TASK TO CARRY OUT
Would you write out the listing verbatim and skip every picture in it?

SUPPLIED INFORMATION
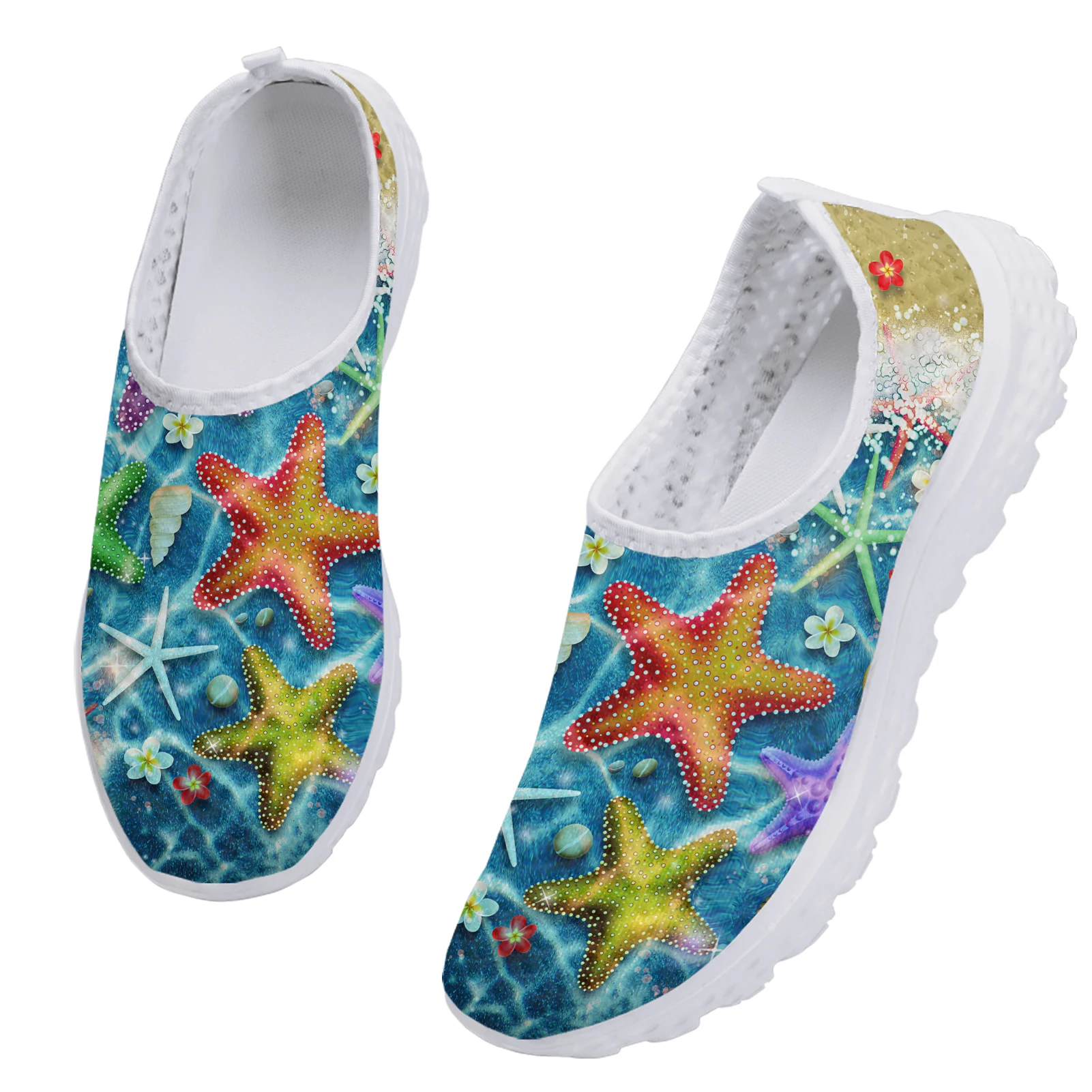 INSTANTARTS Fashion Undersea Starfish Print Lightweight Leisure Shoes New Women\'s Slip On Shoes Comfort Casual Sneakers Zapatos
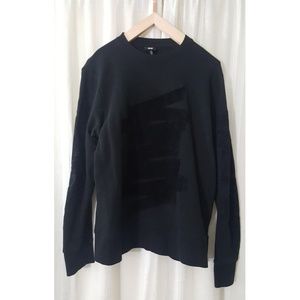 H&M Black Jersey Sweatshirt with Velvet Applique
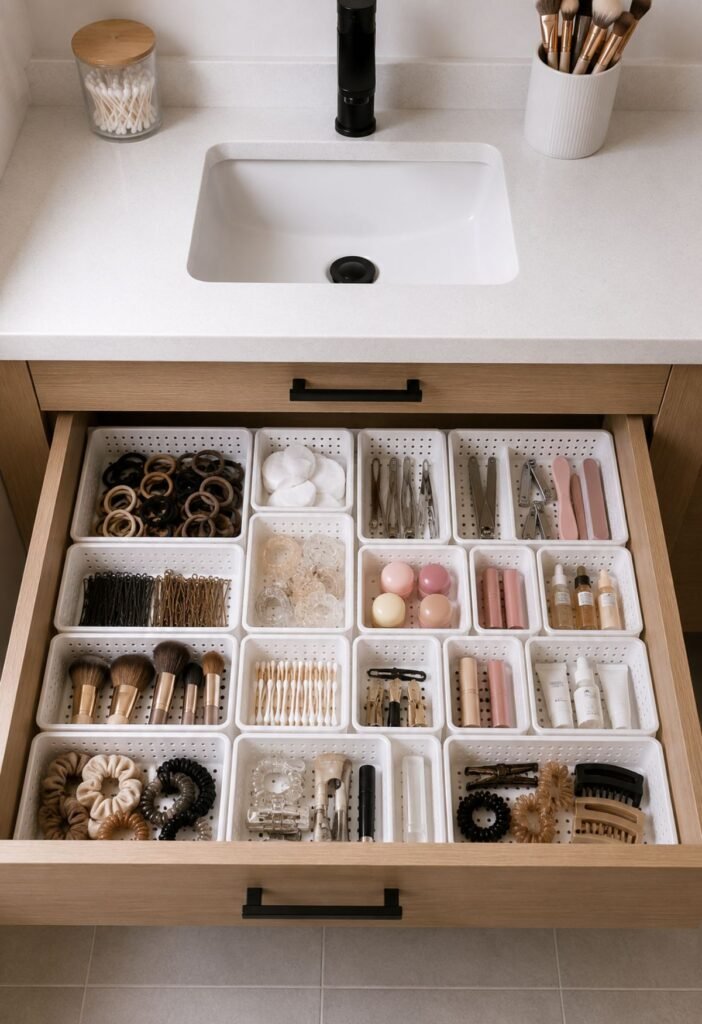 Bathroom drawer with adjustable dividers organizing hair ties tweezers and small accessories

RESPONSE
 INSTANTARTS Fashion Undersea Starfish Print Lightweight Leisure Shoes New Women\'s Slip On Shoes Comfort Casual Sneakers Zapatos
 H&M Black Jersey Sweatshirt with Velvet Applique
 Bathroom drawer with adjustable dividers organizing hair ties tweezers and small accessories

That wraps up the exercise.